--- INFORMATION GIVEN ---
════════════════════

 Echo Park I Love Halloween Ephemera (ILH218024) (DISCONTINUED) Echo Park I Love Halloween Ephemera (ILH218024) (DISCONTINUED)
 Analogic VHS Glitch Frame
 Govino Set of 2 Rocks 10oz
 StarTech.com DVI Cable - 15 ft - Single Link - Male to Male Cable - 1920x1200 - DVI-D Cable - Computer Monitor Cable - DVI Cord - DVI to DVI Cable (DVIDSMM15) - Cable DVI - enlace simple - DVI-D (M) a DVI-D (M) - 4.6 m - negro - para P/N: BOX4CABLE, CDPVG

════════════════════

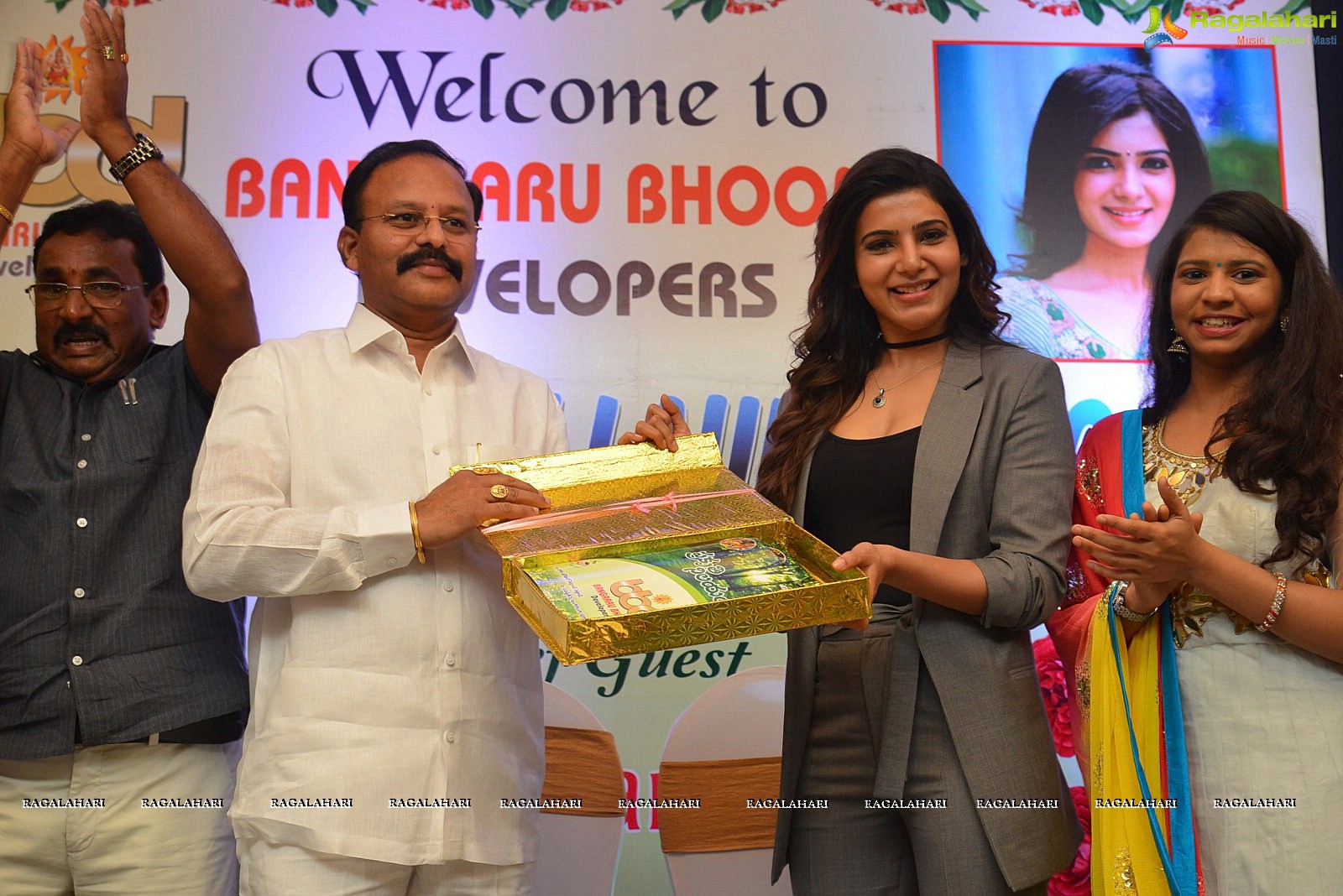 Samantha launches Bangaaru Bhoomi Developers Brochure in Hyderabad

════════════════════

--- WORK INSTRUCTION ---
Please write out, exactly as they appear above, only the lines in the stretch from the line with "Analogic VHS Glitch Frame" through the line with "StarTech.com DVI Cable".

--- PROBLEM SOLUTION ---
 Analogic VHS Glitch Frame
 Govino Set of 2 Rocks 10oz
 StarTech.com DVI Cable - 15 ft - Single Link - Male to Male Cable - 1920x1200 - DVI-D Cable - Computer Monitor Cable - DVI Cord - DVI to DVI Cable (DVIDSMM15) - Cable DVI - enlace simple - DVI-D (M) a DVI-D (M) - 4.6 m - negro - para P/N: BOX4CABLE, CDPVG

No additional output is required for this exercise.